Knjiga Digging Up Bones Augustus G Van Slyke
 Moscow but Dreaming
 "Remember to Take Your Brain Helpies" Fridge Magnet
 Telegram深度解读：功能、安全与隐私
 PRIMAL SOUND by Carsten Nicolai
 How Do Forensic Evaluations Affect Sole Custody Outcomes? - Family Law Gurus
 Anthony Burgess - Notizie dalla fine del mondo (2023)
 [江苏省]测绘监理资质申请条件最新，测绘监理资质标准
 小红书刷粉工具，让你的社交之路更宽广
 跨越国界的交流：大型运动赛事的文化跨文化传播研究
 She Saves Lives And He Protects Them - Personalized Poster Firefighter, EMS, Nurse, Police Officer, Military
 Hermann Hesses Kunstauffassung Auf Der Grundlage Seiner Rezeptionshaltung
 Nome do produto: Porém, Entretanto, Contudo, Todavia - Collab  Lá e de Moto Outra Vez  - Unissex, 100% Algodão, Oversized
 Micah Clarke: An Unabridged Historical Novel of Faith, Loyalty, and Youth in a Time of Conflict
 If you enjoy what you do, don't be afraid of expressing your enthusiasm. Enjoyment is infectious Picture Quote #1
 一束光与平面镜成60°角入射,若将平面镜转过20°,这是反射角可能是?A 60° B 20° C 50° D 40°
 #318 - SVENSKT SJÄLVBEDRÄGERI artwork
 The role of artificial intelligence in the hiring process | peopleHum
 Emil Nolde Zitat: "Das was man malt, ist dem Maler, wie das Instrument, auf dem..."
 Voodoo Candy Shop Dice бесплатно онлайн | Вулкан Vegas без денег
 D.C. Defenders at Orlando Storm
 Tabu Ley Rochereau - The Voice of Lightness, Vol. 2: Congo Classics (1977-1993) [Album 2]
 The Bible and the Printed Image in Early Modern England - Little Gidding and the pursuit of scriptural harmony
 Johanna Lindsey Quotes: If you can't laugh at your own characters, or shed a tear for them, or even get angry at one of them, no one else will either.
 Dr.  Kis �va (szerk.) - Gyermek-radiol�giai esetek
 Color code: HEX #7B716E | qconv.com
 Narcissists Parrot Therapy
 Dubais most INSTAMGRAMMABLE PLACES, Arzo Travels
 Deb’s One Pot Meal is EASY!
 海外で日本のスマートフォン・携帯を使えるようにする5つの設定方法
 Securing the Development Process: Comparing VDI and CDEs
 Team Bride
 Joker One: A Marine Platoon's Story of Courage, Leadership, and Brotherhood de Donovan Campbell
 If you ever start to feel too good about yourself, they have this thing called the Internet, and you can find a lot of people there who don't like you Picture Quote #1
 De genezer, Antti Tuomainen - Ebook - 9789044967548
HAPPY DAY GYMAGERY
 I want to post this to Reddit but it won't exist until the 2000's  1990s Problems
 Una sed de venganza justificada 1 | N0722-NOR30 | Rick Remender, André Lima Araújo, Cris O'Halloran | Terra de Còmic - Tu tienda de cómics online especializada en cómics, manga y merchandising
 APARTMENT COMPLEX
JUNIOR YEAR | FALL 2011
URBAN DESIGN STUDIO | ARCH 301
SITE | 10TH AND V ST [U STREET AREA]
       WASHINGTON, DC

→ ASSIGNMENT
Give back exactly the lines of the listing above that run from the line with "跨越国界的交流：大型运动赛事的文化跨文化传播研究" to the line with "Micah Clarke: An", inclusive.

→ RESPONSE BOX
 跨越国界的交流：大型运动赛事的文化跨文化传播研究
 She Saves Lives And He Protects Them - Personalized Poster Firefighter, EMS, Nurse, Police Officer, Military
 Hermann Hesses Kunstauffassung Auf Der Grundlage Seiner Rezeptionshaltung
 Nome do produto: Porém, Entretanto, Contudo, Todavia - Collab  Lá e de Moto Outra Vez  - Unissex, 100% Algodão, Oversized
 Micah Clarke: An Unabridged Historical Novel of Faith, Loyalty, and Youth in a Time of Conflict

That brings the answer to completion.